What the exercise asks
Apart from any images, the entries are to be output exactly.

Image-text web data
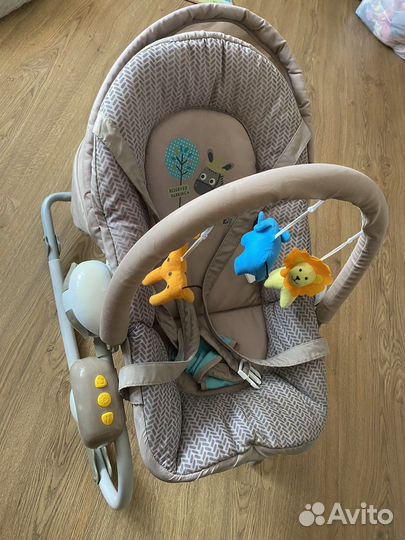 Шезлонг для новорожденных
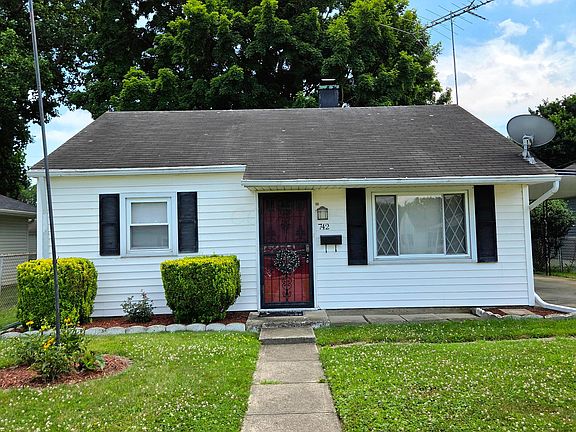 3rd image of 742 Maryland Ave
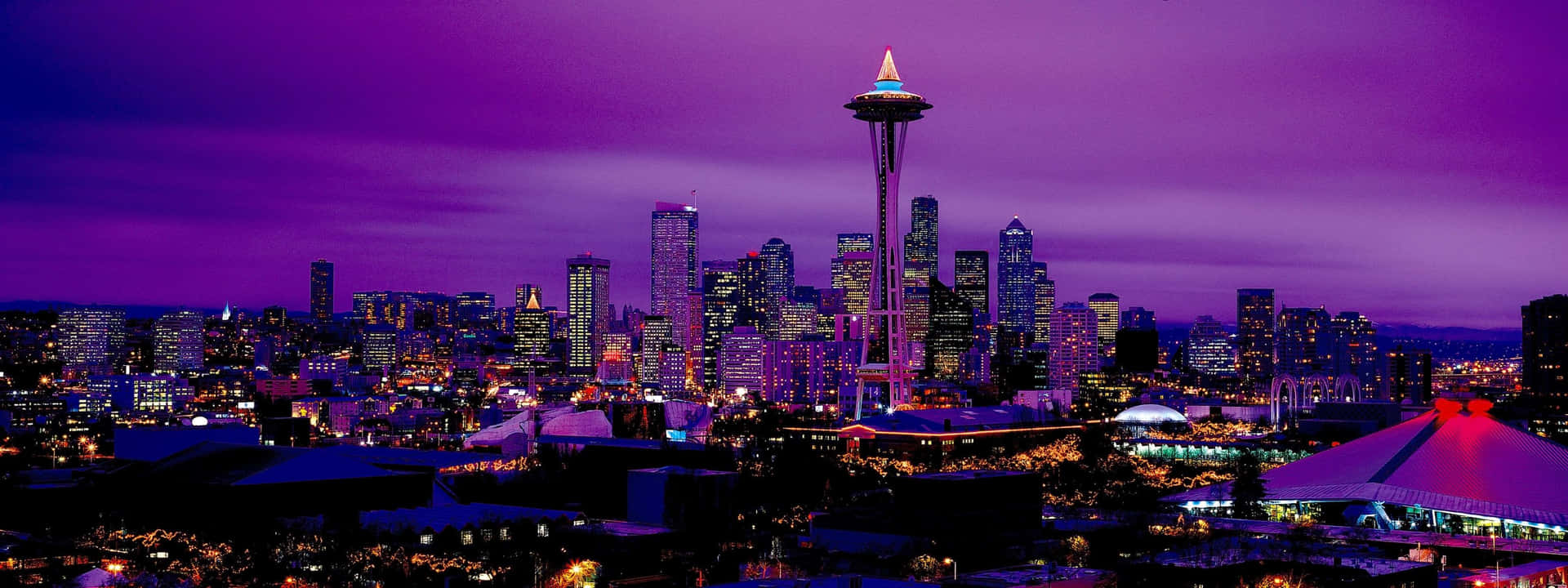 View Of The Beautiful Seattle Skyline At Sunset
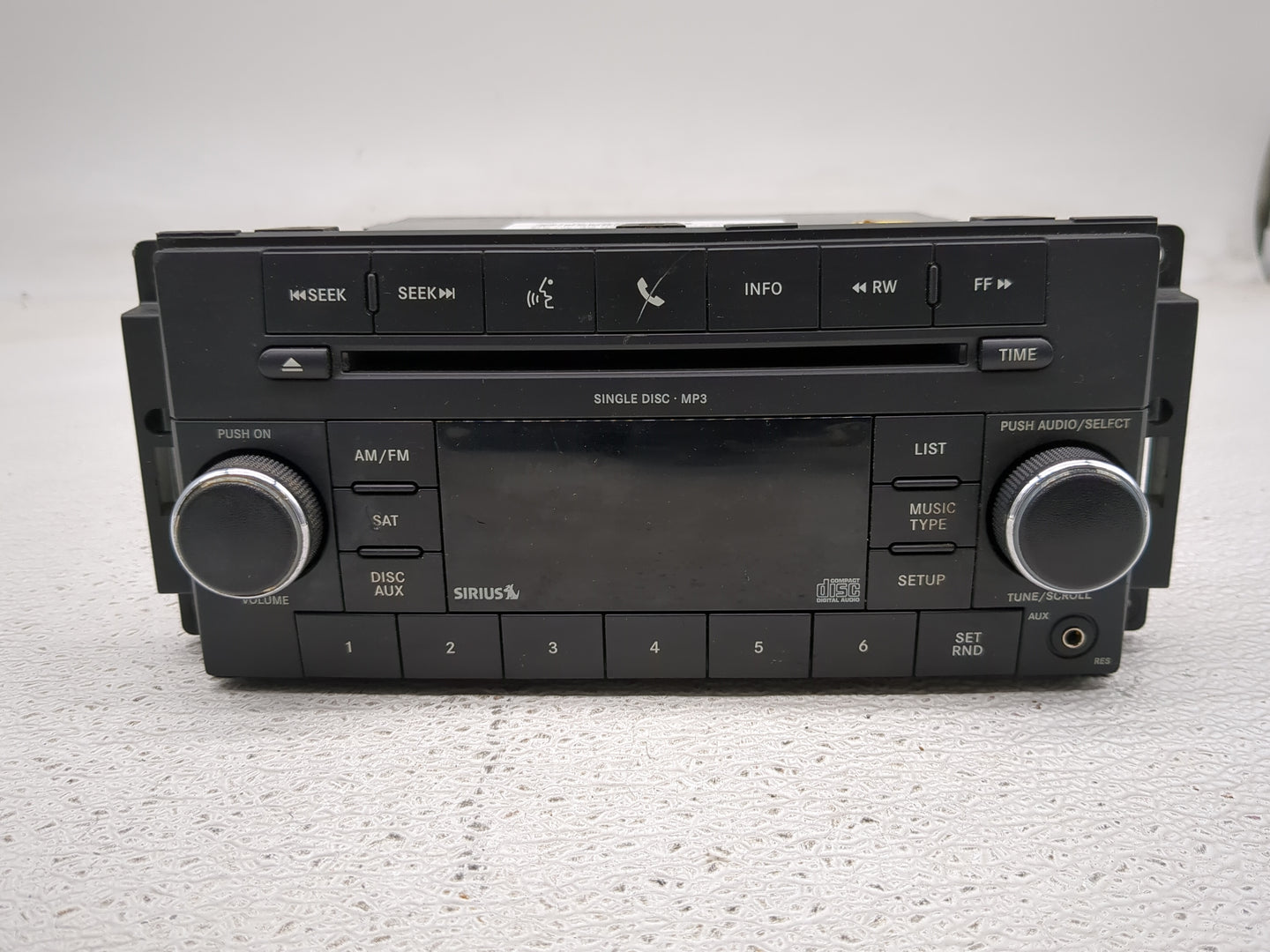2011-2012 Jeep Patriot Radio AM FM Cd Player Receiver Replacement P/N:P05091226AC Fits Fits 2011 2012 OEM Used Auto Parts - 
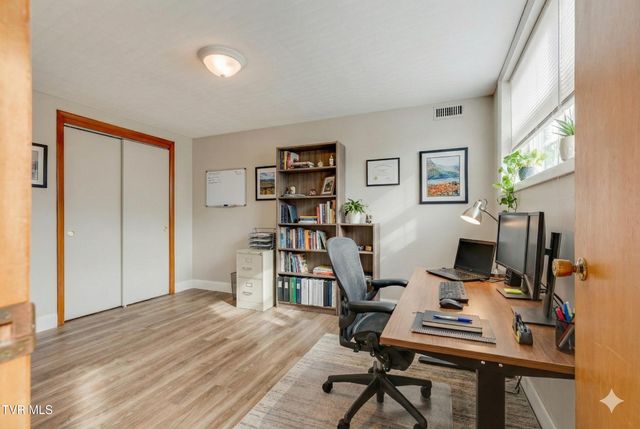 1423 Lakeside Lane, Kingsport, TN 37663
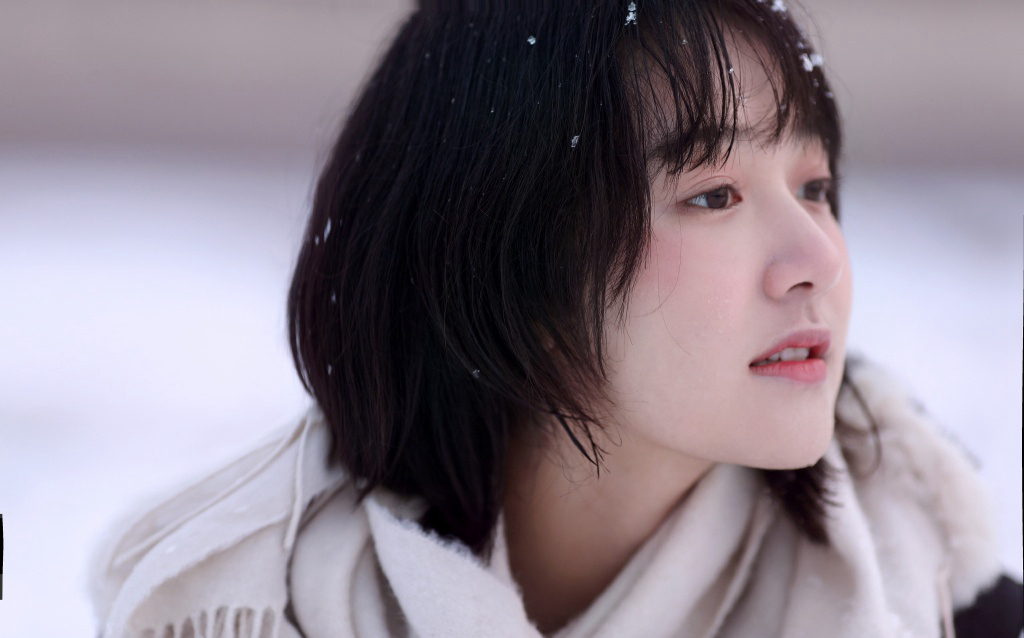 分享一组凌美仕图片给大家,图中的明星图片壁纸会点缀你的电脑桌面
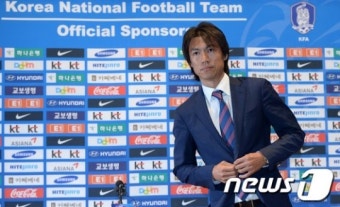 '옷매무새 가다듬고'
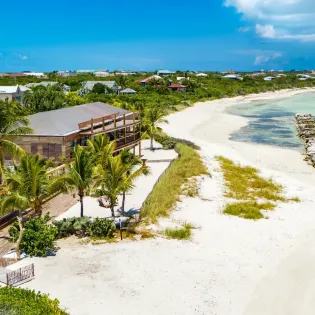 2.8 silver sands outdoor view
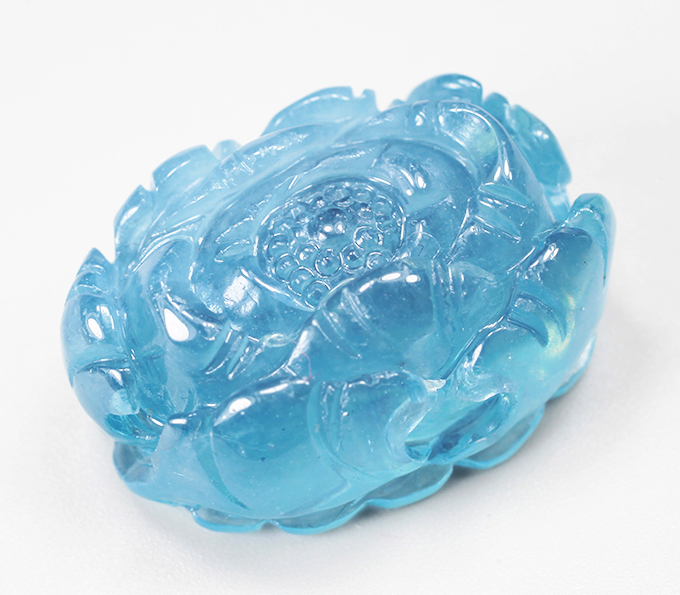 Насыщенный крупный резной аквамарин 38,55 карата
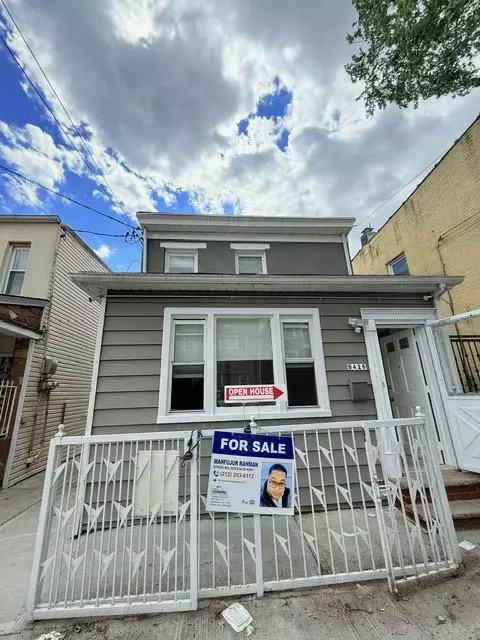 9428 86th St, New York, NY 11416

Solution to this exercise
 Шезлонг для новорожденных
 3rd image of 742 Maryland Ave
 View Of The Beautiful Seattle Skyline At Sunset
2011-2012 Jeep Patriot Radio AM FM Cd Player Receiver Replacement P/N:P05091226AC Fits Fits 2011 2012 OEM Used Auto Parts - 
 1423 Lakeside Lane, Kingsport, TN 37663
 分享一组凌美仕图片给大家,图中的明星图片壁纸会点缀你的电脑桌面
 '옷매무새 가다듬고'
 2.8 silver sands outdoor view
 Насыщенный крупный резной аквамарин 38,55 карата
 9428 86th St, New York, NY 11416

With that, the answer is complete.